- [Your task]:
After locating the line that holds "An iinflationary gap", copy that line and all that follow it word for word through the end of the data, with no pictures.

- [Captioned web image data]:
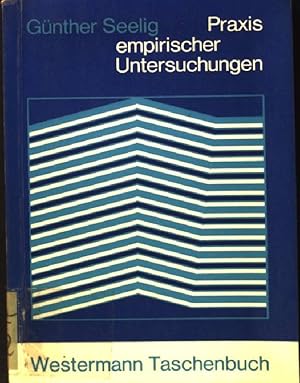 Bild des Verkufers fr Praxis empirischer Untersuchungen (Nr. 106) Westermann-Taschenbuch zum Verkauf von books4less (Versandantiquariat Petra Gros GmbH & Co. KG)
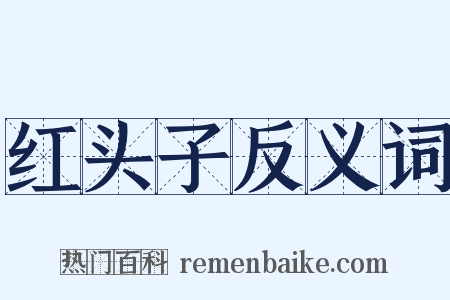 红头子反义词是什么意思的图片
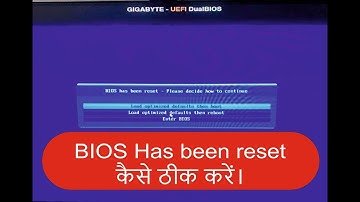 BIOS HAS BEEN RESET PLEASE DESIDE TO CONTINUE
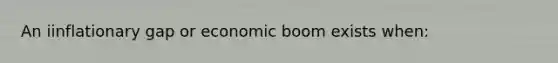 An iinflationary gap or economic boom exists when:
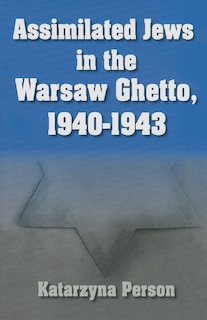 Couverture_Assimilated Jews in the Warsaw Ghetto, 1940-1943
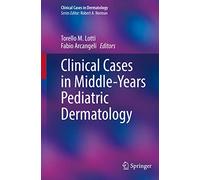 Clinical Cases in Middle-Years Pediatric Dermatology (Clinical Cases in Dermatology)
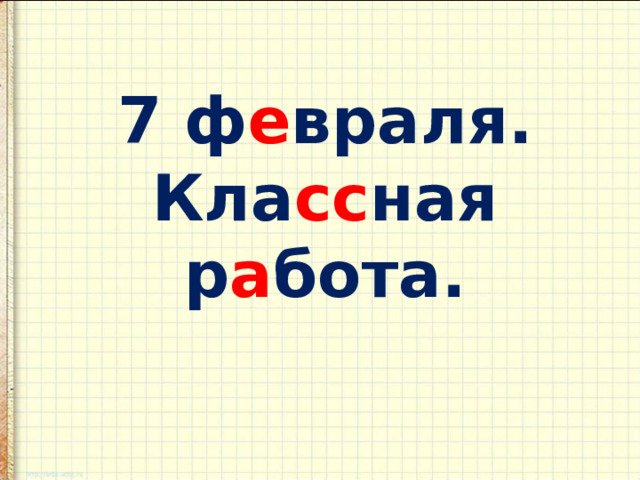 7 ф е враля.  Кла сс ная р а бота .  
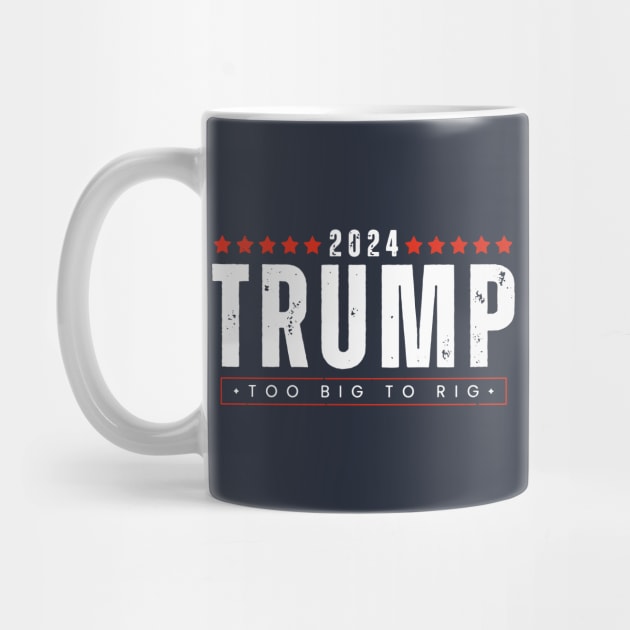 Vintage Trump 2024 Too Big To Rig by Etopix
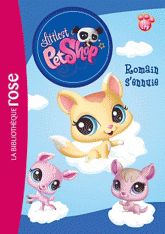 Littlest PetShop Tome 8
Romain s'ennuie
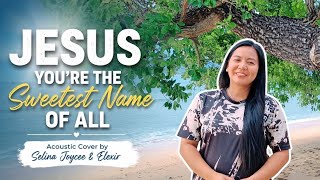 JESUS YOU'RE THE SWEETEST NAME OF ALL | Acoustic Cover | Selina Joycee & Elexir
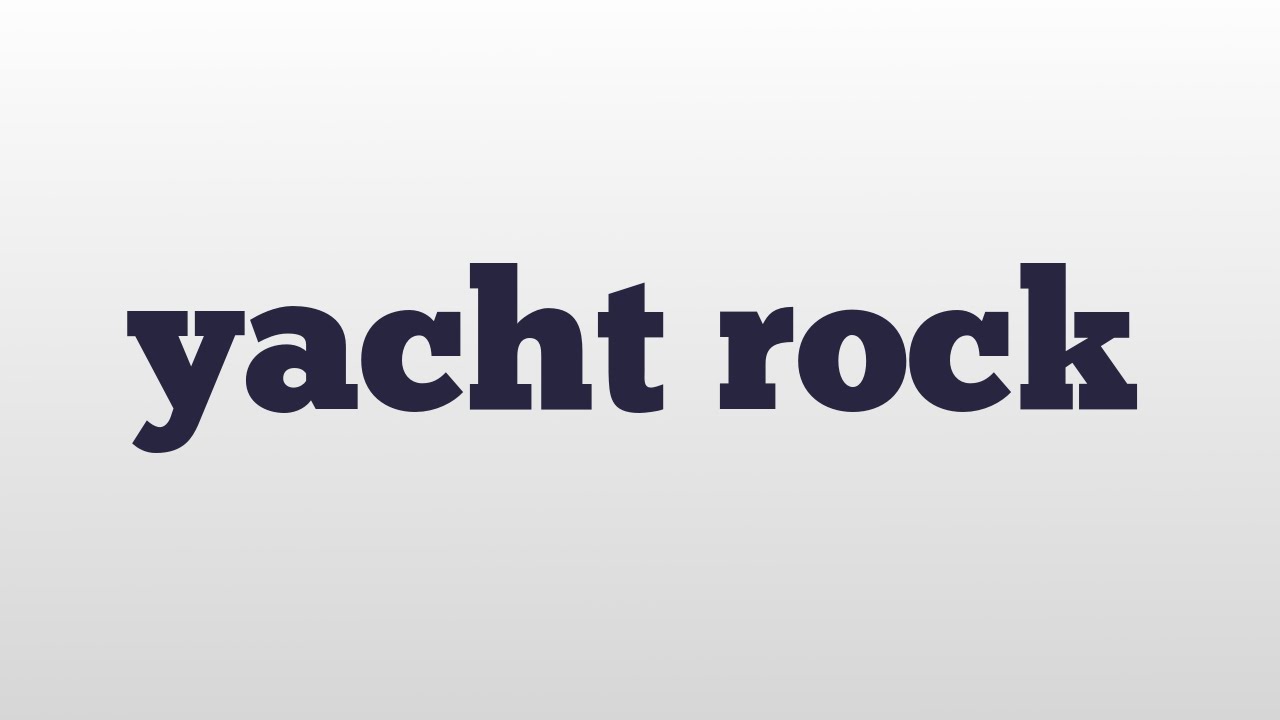 yacht rock meaning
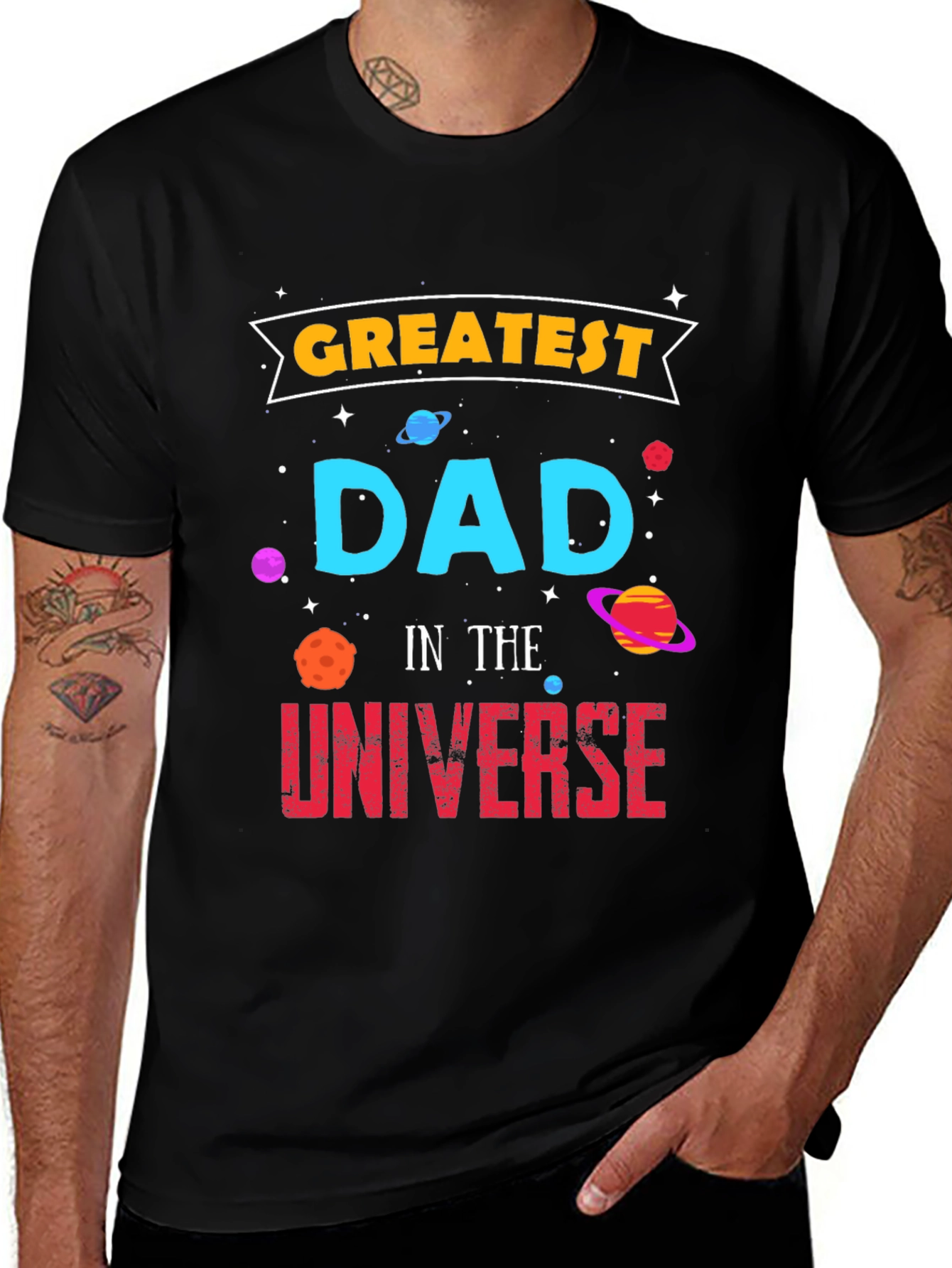 Greatest Dad in the Universe T-Shirt - Father's Day Gift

- [Result below]:
 An iinflationary gap or economic boom exists when:
 Couverture_Assimilated Jews in the Warsaw Ghetto, 1940-1943
 Clinical Cases in Middle-Years Pediatric Dermatology (Clinical Cases in Dermatology)
 7 ф е враля.  Кла сс ная р а бота .  
 Vintage Trump 2024 Too Big To Rig by Etopix
 Littlest PetShop Tome 8
Romain s'ennuie
 JESUS YOU'RE THE SWEETEST NAME OF ALL | Acoustic Cover | Selina Joycee & Elexir
 yacht rock meaning
 Greatest Dad in the Universe T-Shirt - Father's Day Gift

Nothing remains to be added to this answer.